> _Prompt_: Once you reach the line containing "Plus Pole MR", return it and every line after it exactly, through the end of the records below, with no pictures.

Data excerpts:
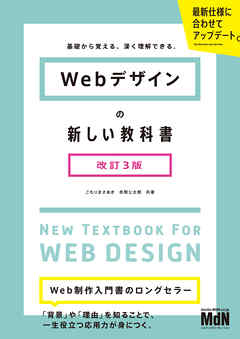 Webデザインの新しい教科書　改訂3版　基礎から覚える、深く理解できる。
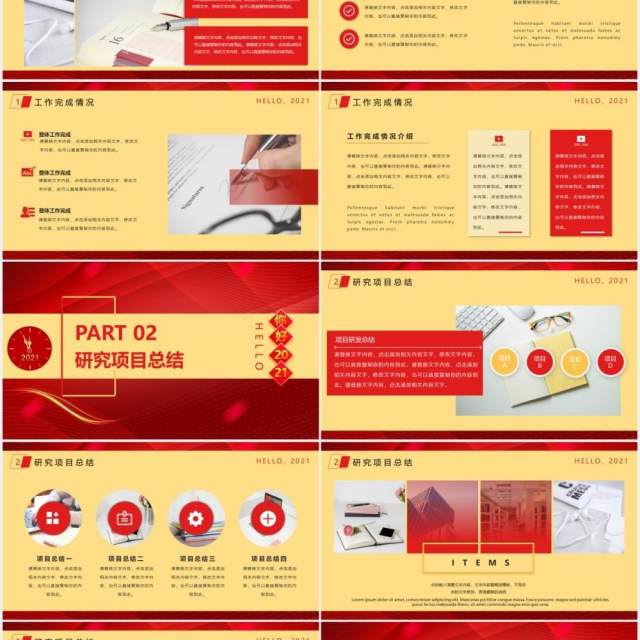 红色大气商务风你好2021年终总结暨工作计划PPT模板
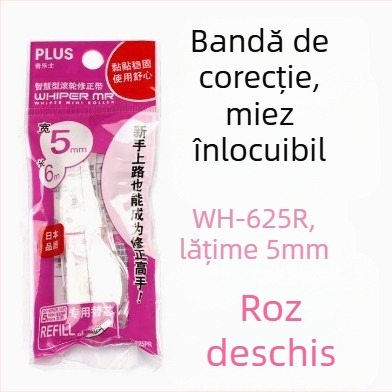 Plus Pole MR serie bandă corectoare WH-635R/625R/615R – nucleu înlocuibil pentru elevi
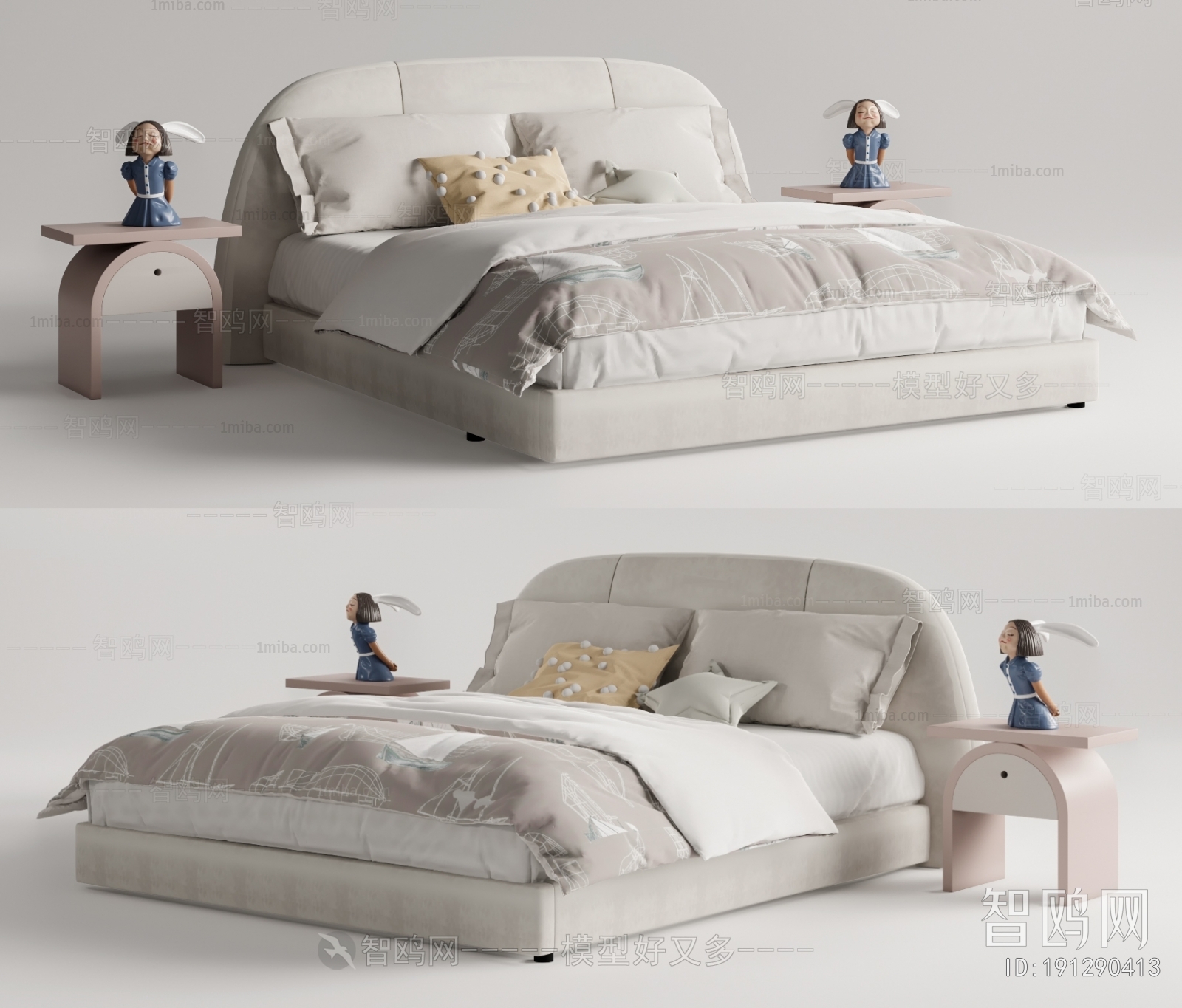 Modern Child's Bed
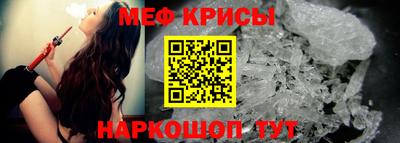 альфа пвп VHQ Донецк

> _Written response_:
 Plus Pole MR serie bandă corectoare WH-635R/625R/615R – nucleu înlocuibil pentru elevi
 Modern Child's Bed
 альфа пвп VHQ Донецк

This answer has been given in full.